Dr. Abhijeet Gujrati (Goa, ‘12) is a Material Scientist and a Principal Engineer at Taiwan Semiconductor Manufacturing Company (TSMC). Having done his Bachelor’s in Mechanical Engineering, he pursued his MS and Ph.D. (Mechanical Engineering) from the University of Pittsburgh. He recently shared anecdotes from his career and life at BITS, providing valuable insights into his journey.
What was your prime motive for pursuing Material Science and Mechanical Engineering? How did your time at BITS shape this decision?
There’s a considerable intersection between Material Science and Mechanical Engineering. I pursued Mechanical Engineering because I was interested in cars and wanted to become an automotive engineer. At BITS, I found out that a lot of innovation has already been done on thermodynamics and fluid dynamics, but not a lot on materials. So that got me interested in material properties. That’s how it started for me. When you look back to see the steps you took to reach a place, you realize that they’re mostly random steps that just bring you to the place you are.

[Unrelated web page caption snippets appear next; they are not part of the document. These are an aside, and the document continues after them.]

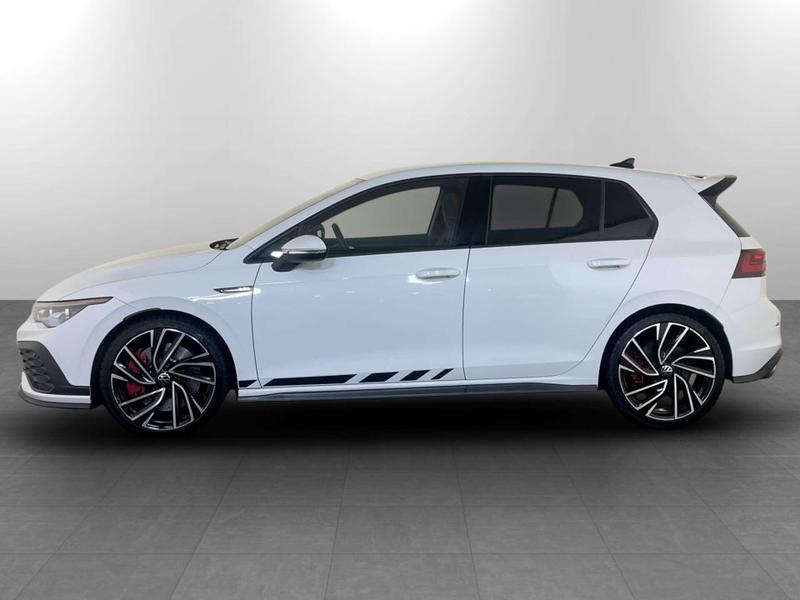 Used Volkswagen Golf 2022 for sale - 77165726: Photo 7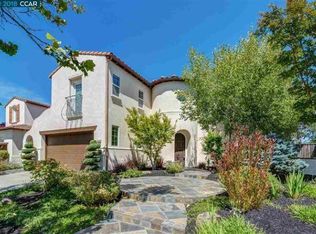 4540 Sweetgale Dr, San Ramon, CA 94582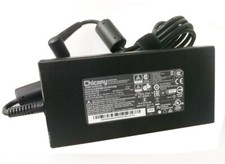 For Chicony 230W AC Adapter Charger For Fujitsu Celsius H780 Power Supply 7.4mm picture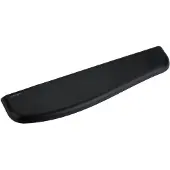 Kensington ErgoSoft Wrist Rest for Keyboards
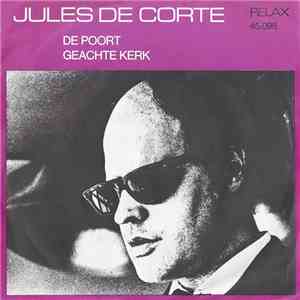 Jules De Corte - De Poort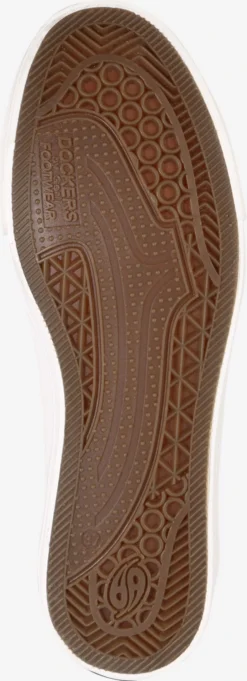 Dockers By Gerli Skate Sneakers Sneakers Laag Dames Smoky Blue -Kleding Verkoop Winkel 1de96c38a055b26e2b7a426f2f6472a7 scaled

Can you give an overview of your work as a Principal Engineer at TSMC? Perhaps a project that you worked on that you found particularly exciting. What were some of the challenges you faced?
My role as a Principal Engineer is much more synonymous with Process Engineering here at TSMC. Process Engineers are responsible for optimizing and running manufacturing processes smoothly. As a Principal Engineer, I am also responsible for managing and leading teams. My primary focus is to ensure the smooth and quick progression of wafers through layers in the semiconductor manufacturing process, making sure we hit certain key productivity indices (KPIs). The biggest challenge is always the time crunch and the pressure of continuous improvisations.

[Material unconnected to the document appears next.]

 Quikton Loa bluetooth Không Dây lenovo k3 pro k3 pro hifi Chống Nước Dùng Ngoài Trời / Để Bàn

TSMC is the leading player in the semiconductor manufacturing industry. What are some developments or areas of growth in Material Science and Engineering in the coming years?
As a pure-play foundry, TSMC focuses on manufacturing chips rather than designing them. Companies, like Apple, AMD, and Intel design their own chips that are manufactured by companies such as TSMC. As far as the semiconductor industry goes, the biggest innovation that is happening right now is things are getting smaller. With Moore's law reaching its limits in terms of scaling down transistor size, we have to explore new avenues. So what is left now is quantum computing. And quantum computing does exist. IBM has made quantum computers, but we don't have quantum chips, which I think is where we are going to go forward because we don't have any more space left.

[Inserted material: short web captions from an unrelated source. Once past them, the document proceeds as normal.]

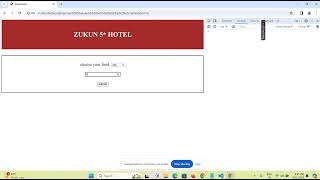 JAVASCRIPT class 3 #javascript #beginners #js #javascripttutorial #tamil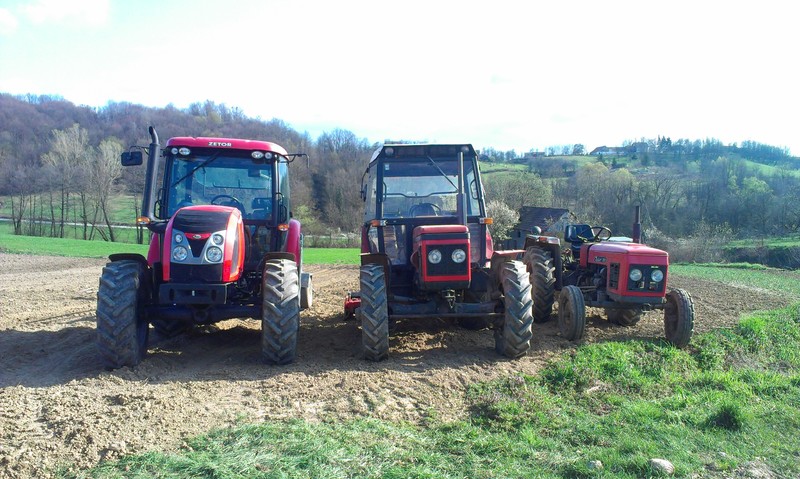 Zetor proxima 90 IMAG0972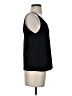 Zeagoo Black Tank Top Size S - photo 4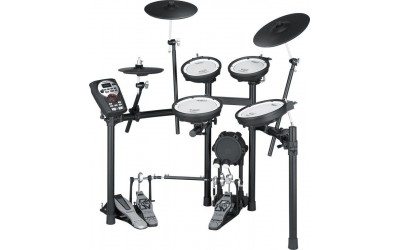 Електронна ударна установка ROLAND TD-11KV+S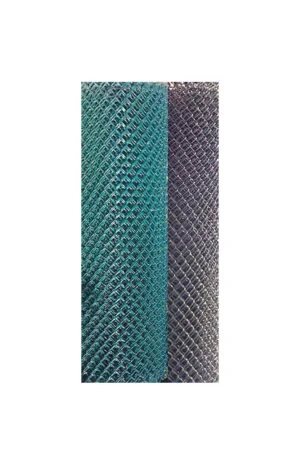 Mesh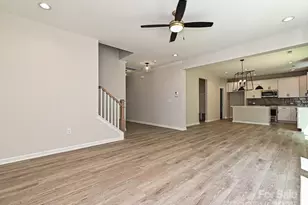 2387 Trundle Dr, Gastonia, NC 28054 - Photo 21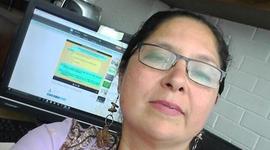 Timeline: TIMELINE OF MY LIFE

What are some differences you felt working as a Researcher at a University in contrast to working for a large corporation like TSMC?
In research, I did everything from start to finish since it was my own project, while at TSMC, I'm in charge of a part of the process, and need to answer to many people and follow a stricter schedule. In academia, you work at the very edge of the Science of what is possible, while in the Industry, if you are not in R&D, then you are working with much more established procedures. Additionally, academia has a lot of freedom as to what you can do, what you can research on and how to approach it. However, there's a lot of pressure in academia for publications. There's a saying here: publish or perish. So, you have to keep producing results and keep publishing papers.
So what was it like to have your first paper published?
Relief. Relief, actually. It took me around three years to get my first paper published. Experimenting, analyzing results, going from journal to journal, dealing with rejections, and formatting, to finally getting published.
Now, looking back, one feels really good.